Food Inflation Surges as the Planting Season Begins

In contrast to the moderation in core inflation, food inflation has reversed course, climbing to 12.12% in February, after briefly dropping to single digits for the first time in over a decade (8.89% in January). This increase underscores the combined impact of persistent structural challenges, Ramadan, seasonality effect. As the planting season begins, supplies typically tighten, driving price increases. This seasonal pattern is further exacerbated by higher logistics costs, insecurity in key food-producing regions, and ongoing inefficiencies across the agricultural value chain. The resurgence in food inflation highlights a critical issue that Nigeria’s inflation is increasingly supply-driven, making it less responsive to improvements in monetary conditions alone.

Inflation Outlook: Risk of Reversal in March

The disinflation trend appears increasingly fragile, with early signals suggesting a potential reversal in March 2026. While exchange rate stability has supported the recent moderation in headline inflation, emerging pressures, particularly from the energy and food segments, are beginning to offset these gains. The recent uptick in global oil prices is expected to transmit into higher domestic fuel costs, with broad-based implications for transportation, logistics, and production costs.

At the same time, the seasonal uptick in food inflation associated with the planting season is likely to intensify in the coming months, further exerting upward pressure on prices. Given the weight of food in the inflation basket, this could materially alter the trajectory of headline inflation.

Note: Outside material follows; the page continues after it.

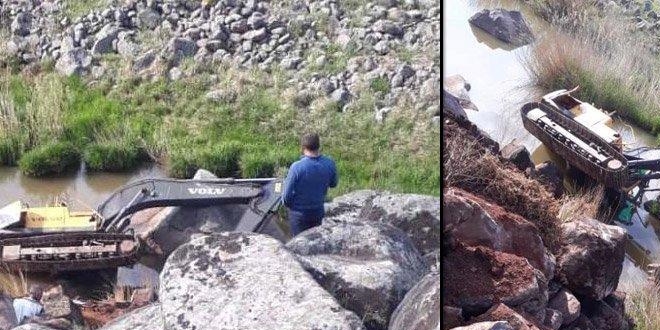 Kepçe operatörünün inanılmaz kurtuluşu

Policy Implications: Limited Room for Monetary Easing

The February inflation data presents a delicate balancing act for policymakers. While the easing in headline and core inflation provides some room for optimism, the resurgence in monthly price pressures suggests that inflation is not yet fully under control. Additionally, emerging risks from energy prices and food inflation reinforce the need for caution.

As a result, the Central Bank is likely to maintain a tight or neutral monetary policy stance in the near term, prioritizing price stability over aggressive growth stimulation.